Por: Antonio Mata
Querendo entender algo que, por alguns segundos, tomou conta de sua mente. Acabou por lembrar da infância e de certa série de TV, que o empolgava, já que gostava de história.
A ideia de um túnel que pudesse conduzir a outros tempos, pareceu-lhe um começo de explicação. Ainda que fosse apenas, coisa de televisão. Só um entretenimento.
Deixando as divagações de lado, procurava lembrar os detalhes de um episódio angustiante. O suficiente para acordar suando muito e assustado com o que viu. Como algo poderia parecer tão verdadeiro e, ao mesmo tempo, tão distante?
Tanta coisa boa para sonhar. Parentes, amigos e irmãos. Episódios domésticos, brincadeiras, festas ou simples conversas. Tudo tão comum e normal. Por que haveria de ser de forma assustadora? Uma espécie de pesadelo?
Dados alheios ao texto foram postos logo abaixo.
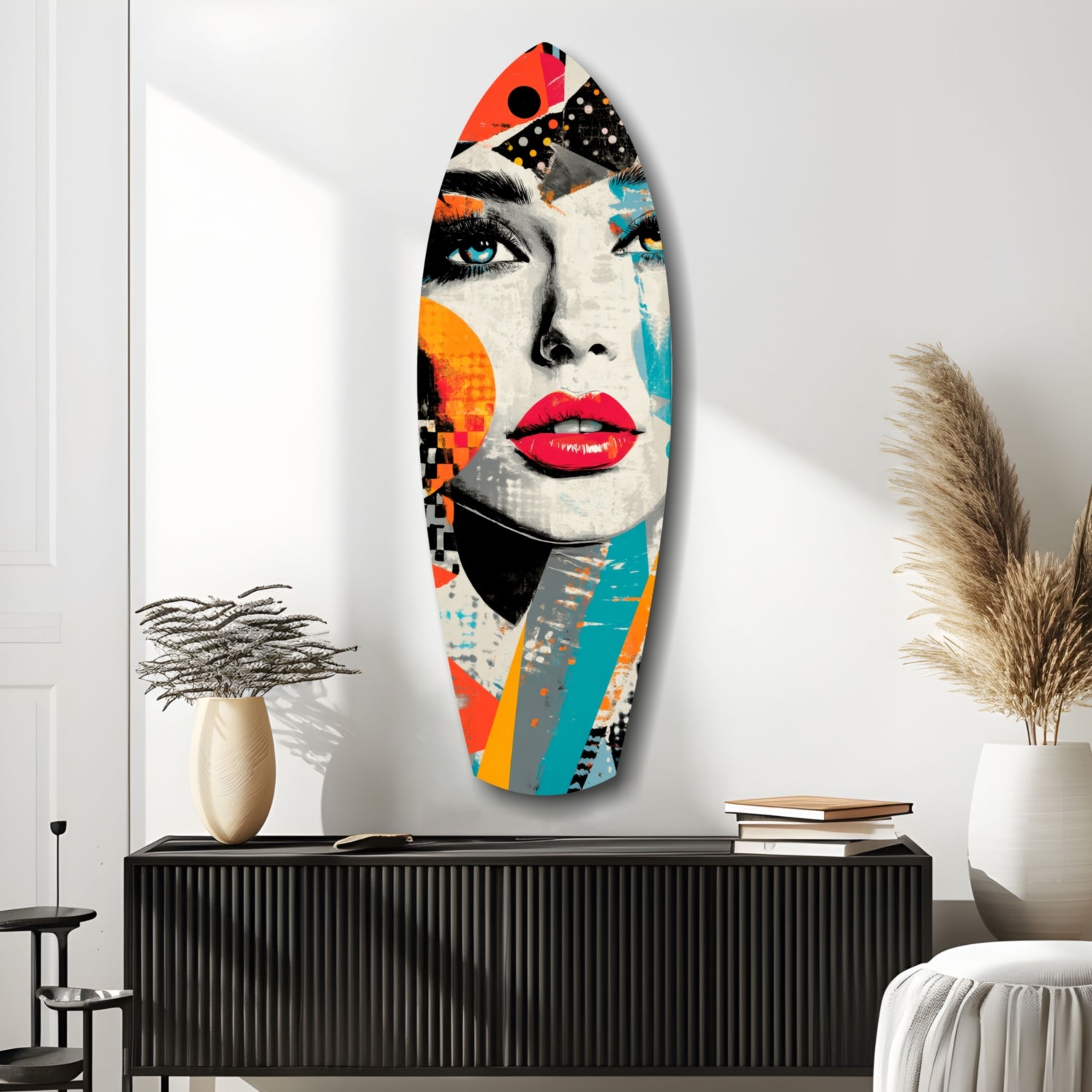 Woman in Style Glass Wall Art.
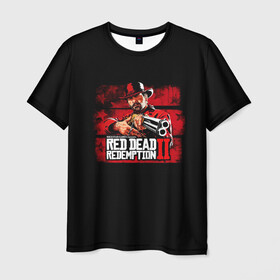 Мужская футболка 3D с принтом red dead redemption 2 в Белгороде, 100% полиэфир | прямой крой, круглый вырез горловины, длина до линии бедер | action | red dead redemption 2 | rockstar games | вестерн | игра | ковбой | ружье | стрелялка | экшен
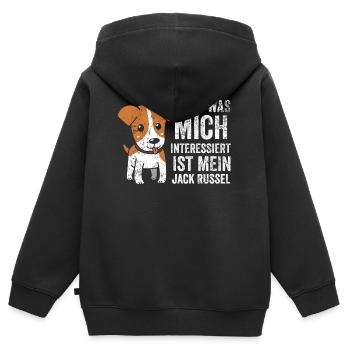 Jack Russel Jagdhund Geschenk - Kinder Premium Organic Zip Hoodie - Schwarz - Hinten - AI Model Kid Male (0cm)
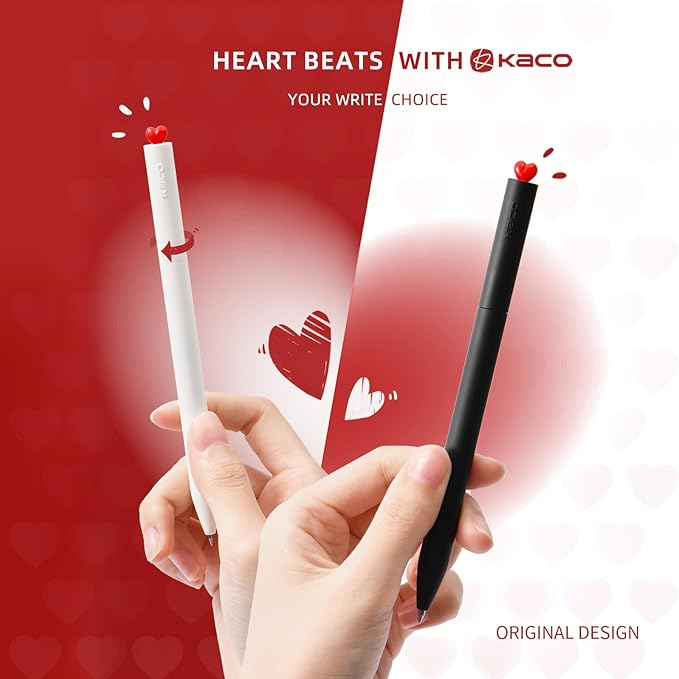 Kaco FIRST Gel Pens, Cute Stationery, 4 Pieces with Extra 8 Black Refills Cute Heart Star Pen Set (2 Star & 2 Heart)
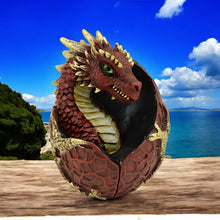 Load image into Gallery viewer, Mythical Red Dragon Egg – Fantasy Collectible Hatchling – Gothic Decor Dragon Ornament
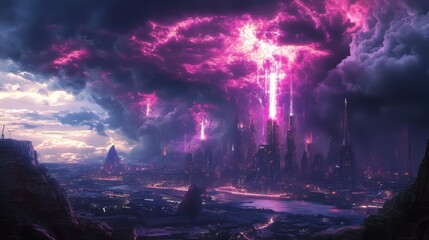 Futuristic city under vibrant sky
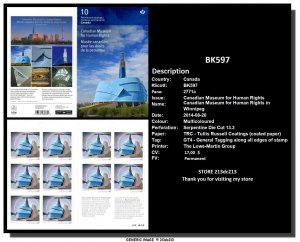 CANADA # BK597 - MNH - Canadian Museum for Human Rights (2014) 10 x (P)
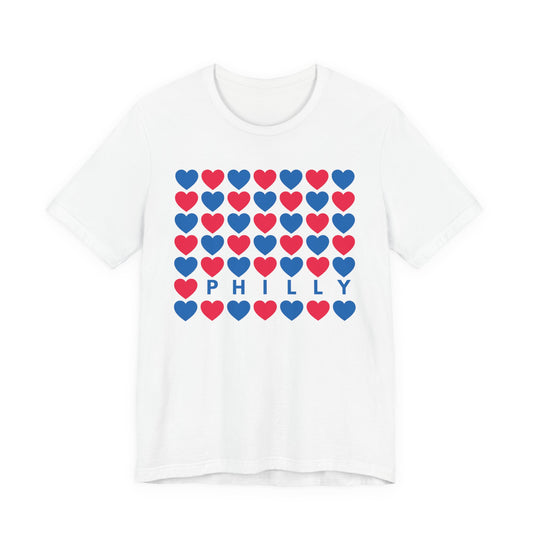 Philly Hearts - Blue & Red Tee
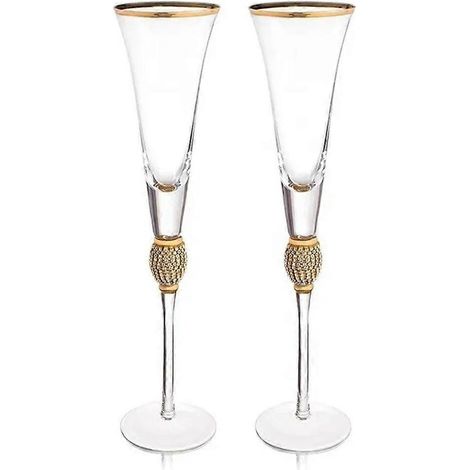 Ensemble de 2 verres à vin élégants à pied long, décorés de diamants et ornés d'un liseré doré et de cristaux. Idéal comme cadeau. (1/5)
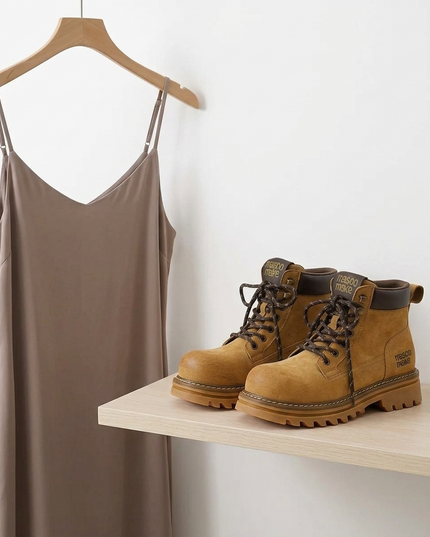 Masoomake Suede Chunky Lug Sole Ankle Boots Damen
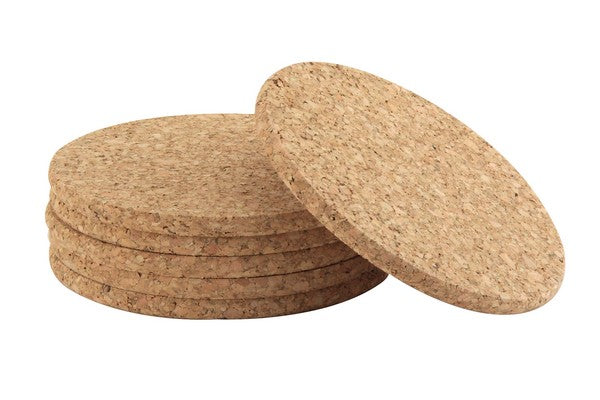 APOLLO SET OF 6 ROUND CORK COASTERS 10CM. AP1560 \\\KD30291
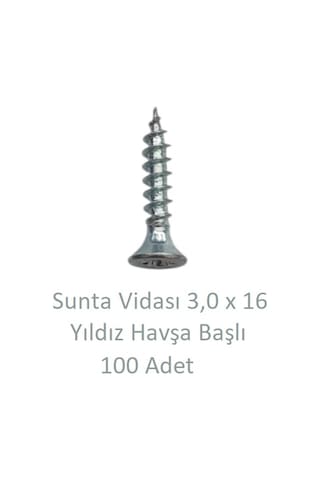 Sunta Vidası, 3,0 X 16 Mm, 100 Adet, Yhb Vida 3 x 16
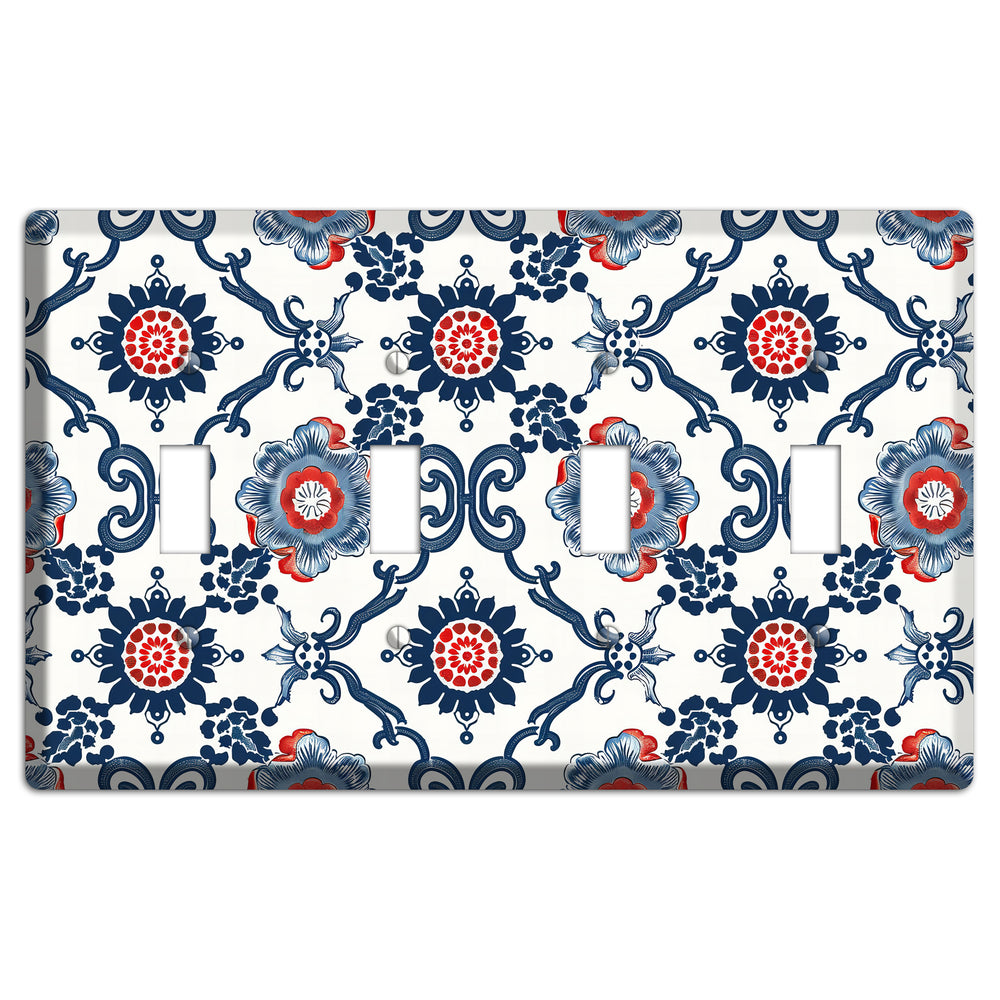 Indigo Court Florals 4 Toggle Wallplate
Queria voltar a dormir e não conseguia. Muito menos colocar em ordem o monte de fragmentos que trazia na memória. Se cedo ou tarde, quem vai saber? Finalmente, sossegou a mente tumultuada e dormiu.
A calçada elevada e junto à muralha era muito extensa. Cheia de soldados armados e um ar pesado de apreensão que se estampava em qualquer um dos rostos.
Bastou olhar por sobre os ombros para o lado de fora. A mancha humana tomava todo o terreno até os limites das florestas próximas. Era um cerco. Urros e gritos anunciavam a fase final.
Alguém do alto da muralha principiou a gritar. Juntou-se aos que procuravam identificar o motivo, logo adiante, porém dentro da muralha, perfurando o perímetro defensivo.
A massa humana apenas crescia sem que as tropas no pátio fossem capazes de detê-la. Quando a massa se avolumou sem controle, os homens iniciaram uma correria para o térreo.
De armas em punho, corriam e gritavam.
— Vou pra casa, vou pra casa!
O reduto, o abrigo, a casa, o lar. Vidas prestes a ruir. Então, na angústia daqueles momentos finais, havia o resumo de tudo.
O grito tomou conta das defesas. A muralha fora rompida. A cidade vai cair. Deixou sua posição e juntou-se aos demais naquela correria que seria a última, já o sabiam.
Cruzou o extenso pátio e adentrou estreita viela, percorrendo até o final. Esbaforido, de espada em punho, abriu a porta. O pânico estava nos olhares. Uma mulher abraçada com duas moças e duas crianças menores.
Colocou-se diante da porta trancada, enquanto aguardava. Os últimos instantes, momentos de vida e desespero. Lá fora o barulho das casas mais à frente arrombadas e os gritos de homens e mulheres.
Como uma onda de terror, sentia sua vez chegar. Dentro de casa, completo silêncio. Apenas ouviam o caos que se aproximava, cada vez mais perto, cada vez mais à porta.
Ouviu-se uma pancada, duas, três e a porta arrebentou. O grito enlouquecido ecoava com a última defesa. No espaço diminuto de acesso à habitação, a espada cortava tudo o quanto pudesse.
Pedaços de braços, rostos retalhados em diagonal, pescoços submetidos à degola. Caem os quatro primeiros invasores, no que são pisoteados. Os demais adentram ferozmente.
Adrenalina, urros, sangue e horror. Recebe o primeiro golpe, no segundo lhe arrancam o braço e a espada, o terceiro o retalha do ombro à cintura. Acabou, não há história, não há glória, nem vida.
O peito ofegante, a camisa encharcada de suor, o acordar súbito. Procura se localizar. A cama, as paredes do quarto. Pensa por um instante e conclui.
— Fui eu, foi assim. Aconteceu assim, fui eu.